Information supplied ->

-*-

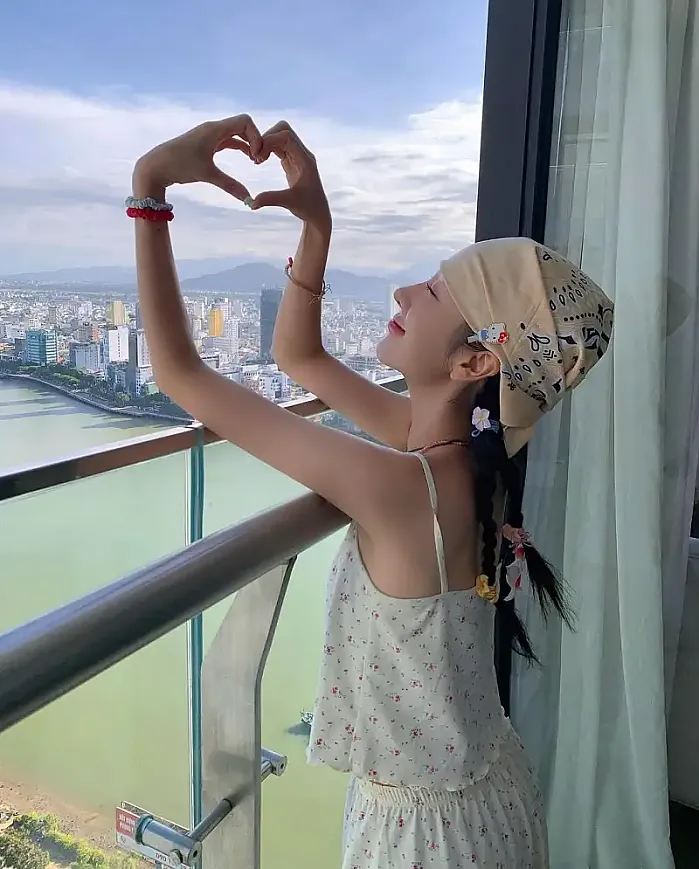 현경이랑 다낭가서 한국에서도 안하는 호캉스 즐기고 와써요? @jjinii_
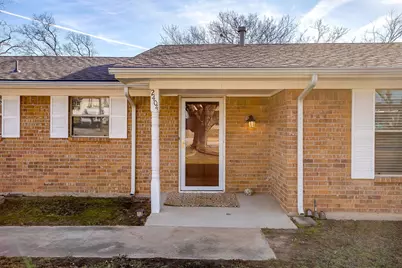 2404 Skyline Drive, Sansom Park, TX 76114 - Photo 5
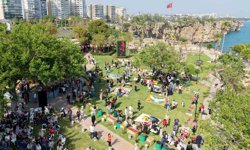 Antalya'da 130 bin çiçekle renkli rekabet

-*-

An exact copy of every line above is needed, without the images.

Response to this task ->
 현경이랑 다낭가서 한국에서도 안하는 호캉스 즐기고 와써요? @jjinii_
 2404 Skyline Drive, Sansom Park, TX 76114 - Photo 5
 Antalya'da 130 bin çiçekle renkli rekabet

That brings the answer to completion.